From 041026835bce4d4ae2390daccade0e74c4fa3c1c Mon Sep 17 00:00:00 2001
From: Christine Caulfield <ccaulfie@redhat.com>
Date: Thu, 26 Jul 2018 08:06:45 +0100
Subject: [PATCH] Shutdown corosync after a fatal error
If pacemaker shuts down due to being fenced by a non-power (eg fabric)
fence agent then it should also take down corosync so that full cluster
service on that node is lost, rather than just resource management.

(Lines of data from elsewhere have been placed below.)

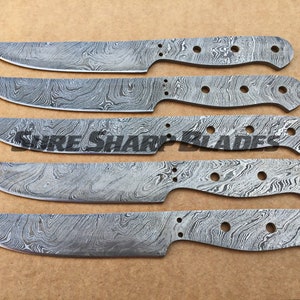 Lot of 5 Damascus Steel Blank Blade Steak Knife for Knife Making Supplies, Full Tang Damascus Steel Blank Blades, Blank Blade Knife (KI-360)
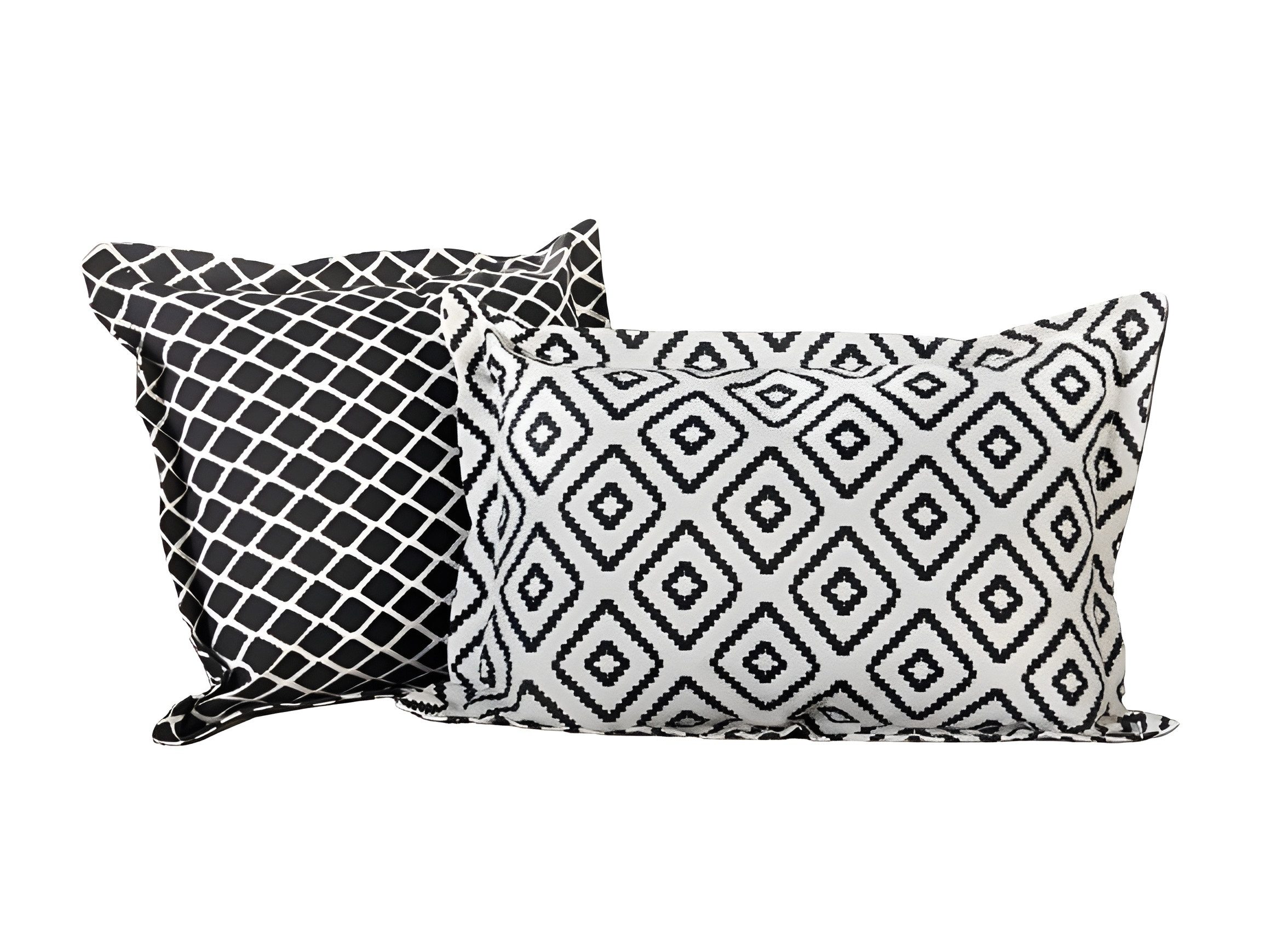 Dekoleidenschaft Kissenbezug "Black & White" schwarz / weiß 60x40 cm, Stehsaum, Outdoor Kissenhülle, (1 Stück), Dekokissenbezug, wasserabweisend & UV beständig für Balkon & Garten
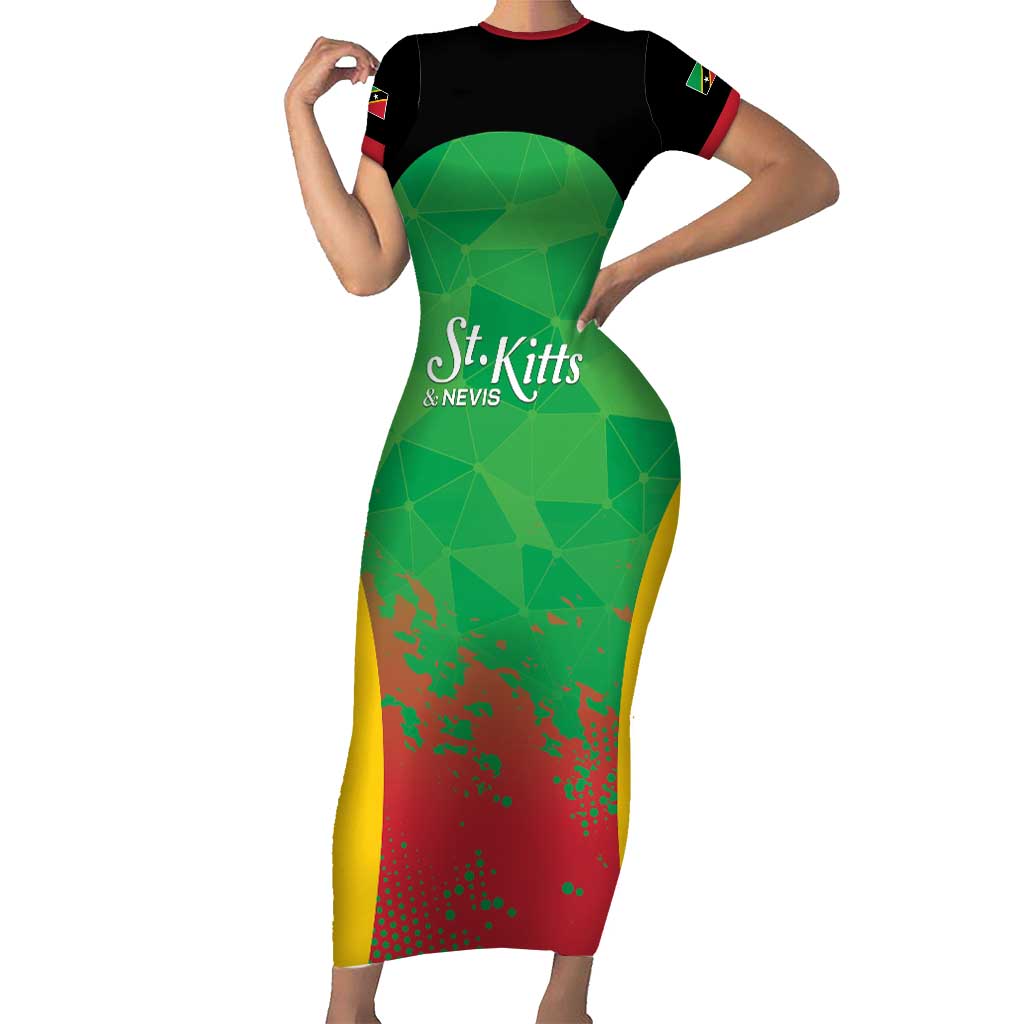 Custom Saint Kitts and Nevis Cricket Short Sleeve Bodycon Dress Simple Style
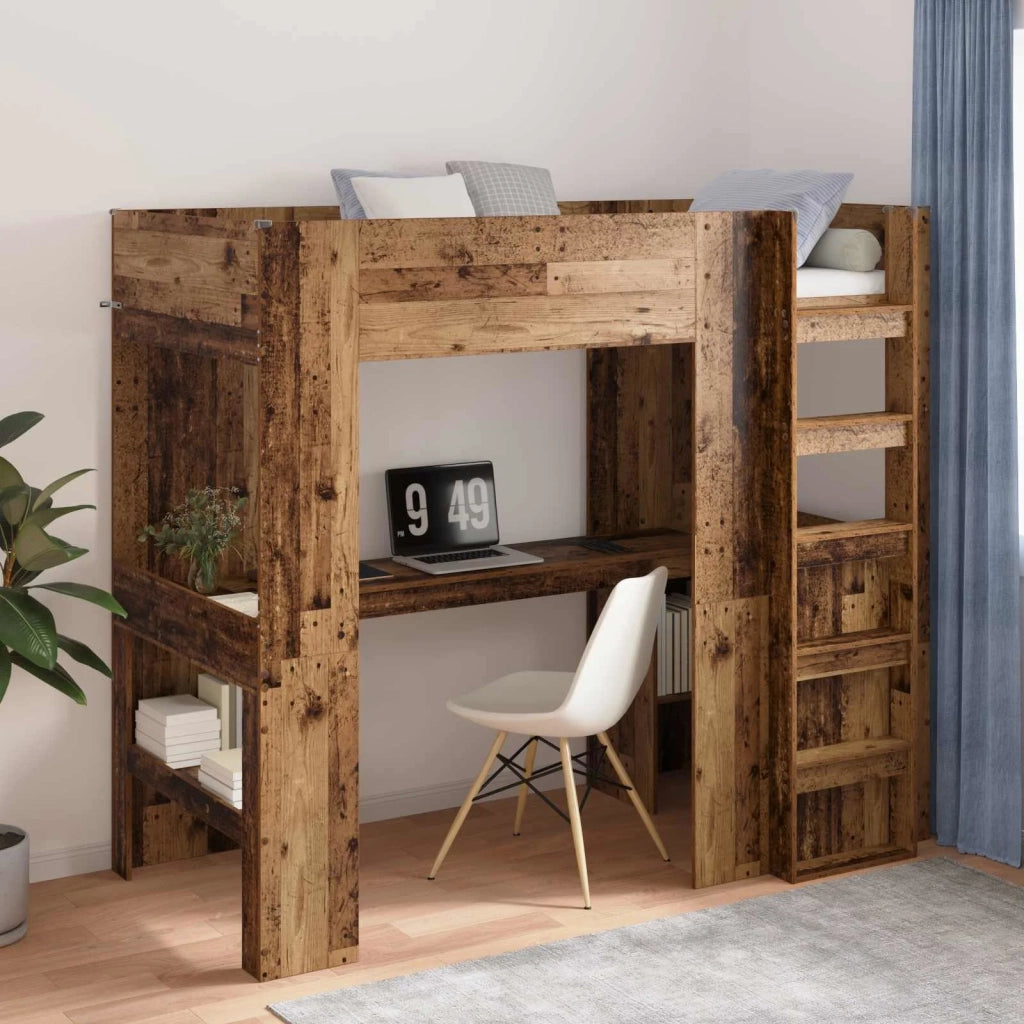 Struttura letto a castello con scrivania Legno vecchio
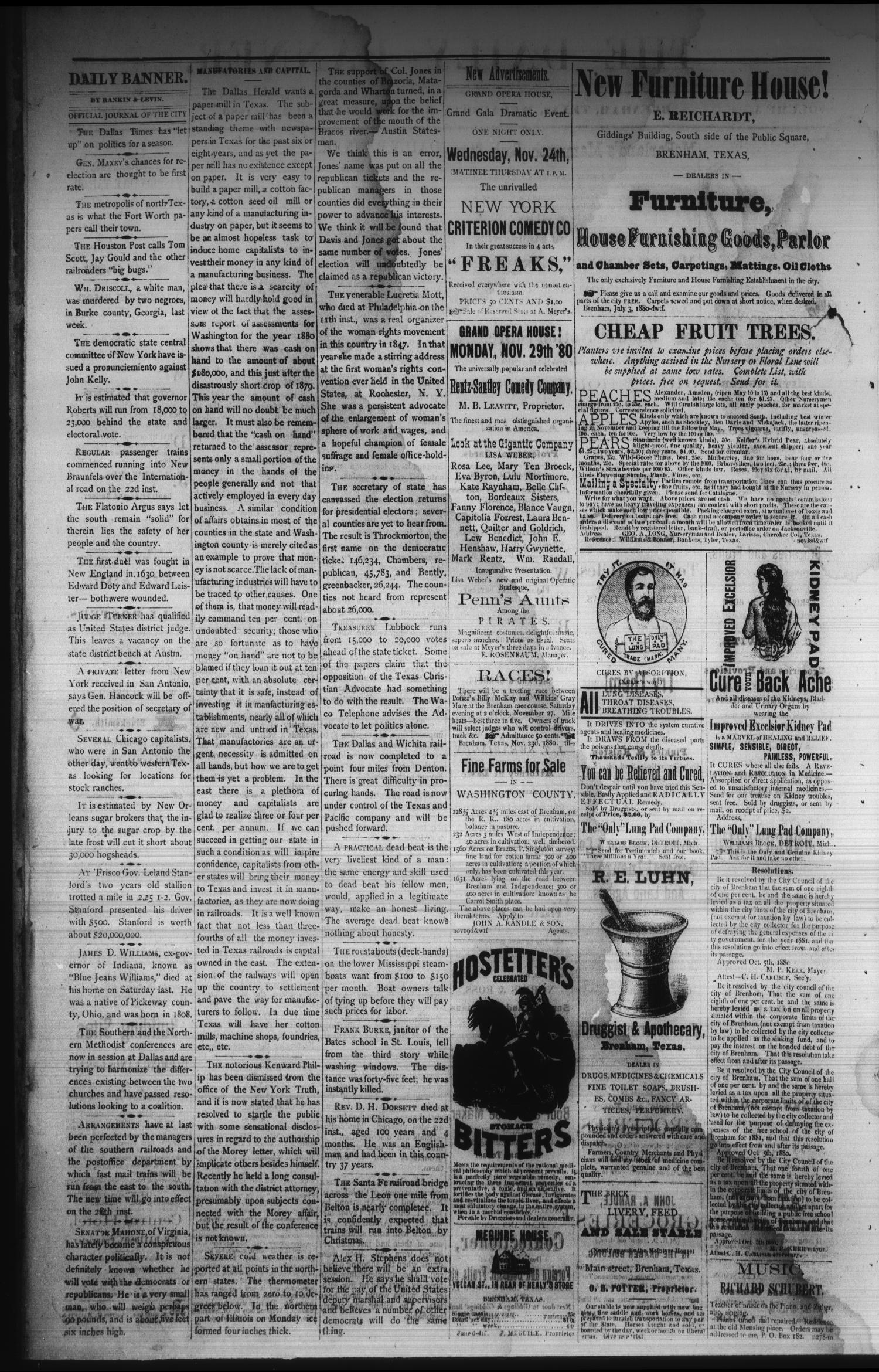 The Daily Banner. (Brenham, Tex.), Vol. 5, No. 287, Ed. 1 Wednesday, November 24, 1880
                                                
                                                    [Sequence #]: 2 of 4
                                                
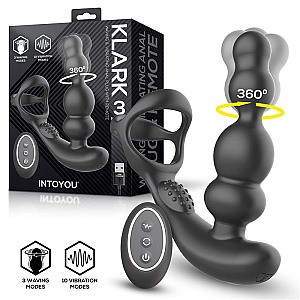 IntoYou Klark Waving And Vibrating Plug With Remote (Black), vibrační anální kolík s kroužkem
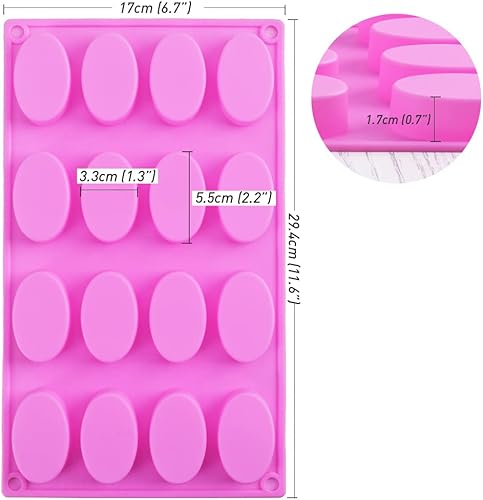 Miniatura 7 de Newk Moldes de jabón ovalados de silicona, 2 paquetes de 16 cavidades, mini molde de jabón hecho a mano para viajes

https://bugzilla.redhat.com/show_bug.cgi?id=1448221
Signed-off-by: Christine Caulfield <ccaulfie@redhat.com>
---
mcp/pacemaker.c | 27 ++++++++++++++++++++++++++-
1 file changed, 26 insertions(+), 1 deletion(-)
diff --git a/mcp/pacemaker.c b/mcp/pacemaker.c
index f57fc25..40a2de2 100644
--- a/mcp/pacemaker.c
+++ b/mcp/pacemaker.c
@@ -21,6 +21,9 @@
#include <crm/common/mainloop.h>
#include <crm/cluster/internal.h>
#include <crm/cluster.h>
+#ifdef SUPPORT_COROSYNC
+#include <corosync/cfg.h>
+#endif
#include <dirent.h>
#include <ctype.h>
@@ -142,6 +145,28 @@ pcmk_process_exit(pcmk_child_t * child)
}
}
+static void pcmk_exit_with_cluster(int exitcode)
+{
+#ifdef SUPPORT_COROSYNC
+ corosync_cfg_handle_t cfg_handle;
+ cs_error_t err;
+
+ if (exitcode == DAEMON_RESPAWN_STOP) {
+ crm_info("Asking Corosync to shut down");
+ err = corosync_cfg_initialize(&cfg_handle, NULL);
+ if (err != CS_OK) {
+ crm_warn("Unable to open handle to corosync to close it down. err=%d", err);
+ }
+ err = corosync_cfg_try_shutdown(cfg_handle, COROSYNC_CFG_SHUTDOWN_FLAG_IMMEDIATE);
+ if (err != CS_OK) {
+ crm_warn("Corosync shutdown failed. err=%d", err);
+ }
+ corosync_cfg_finalize(cfg_handle);
+ }
+#endif
+ crm_exit(exitcode);
+}
+
static void
pcmk_child_exit(mainloop_child_t * p, pid_t pid, int core, int signo, int exitcode)
{
@@ -423,7 +448,7 @@ pcmk_shutdown_worker(gpointer user_data)
if (fatal_error) {
crm_notice("Attempting to inhibit respawning after fatal error");
- crm_exit(DAEMON_RESPAWN_STOP);
+ pcmk_exit_with_cluster(DAEMON_RESPAWN_STOP);
}
return TRUE;
--
1.8.3.1